MUNICH -- PSA Group's focus on costs and agility means that it doesn’t need partners beyond its Chinese investor Dongfeng Motor for its electrification strategy, said Denis Martin, who heads the automaker's European operations.
PSA plans to launch four electric cars by 2021 for the Peugeot, Citroen, and DS brands. They will have a 450km range and the first will reach the market in 2019. The automaker is also planning to launch seven gasoline plug-in hybrid models with an electric-only range of 60km between 2019 and 2021.
PSA is Europe’s second largest carmaker after Volkswagen Group but only sells about 3 million vehicles globally, while VW Group's worldwide volume is more than three times larger. “It’s not a question of size, it’s a question of agility,” Martin told the Automotive News Europe Congress here last week. He described PSA's new direction as “frugal innovation.”
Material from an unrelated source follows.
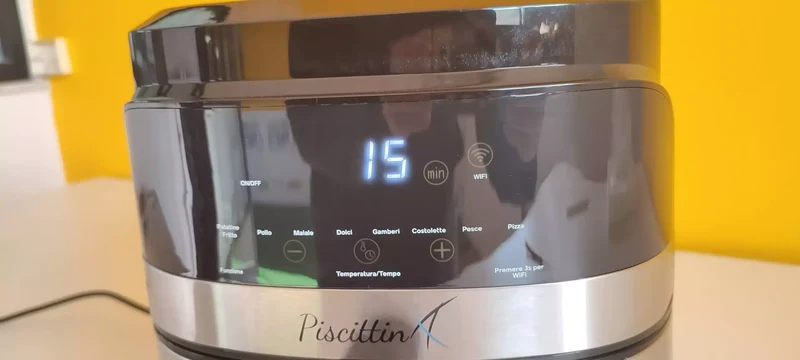 Friggitrice ad aria Piscittina 5.5L 1500W 8 Programmi pre-impostati Touch Screen Wi-Fi App dedicata Garanzia 2 anni friggi senza grassi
Said Martin: “We have changed our mindset for r&d and capital expenditure. We will optimize each euro.”
Before CEO Carlos Tavares launched a focus on controlling expenditure PSA was old fashioned with a “no risk spirit,” Martin said. “Parts of PSA still ran on the kind of old-style bureaucracy you find in some traditional companies, with people working in separate silos. It is for this reason that we were in a particularly deep crisis in 2013.”
PSA aims to achieve a 6 percent margin by 2021 based on the recurring operating income generated at its core automotive division, up from 5 percent last year.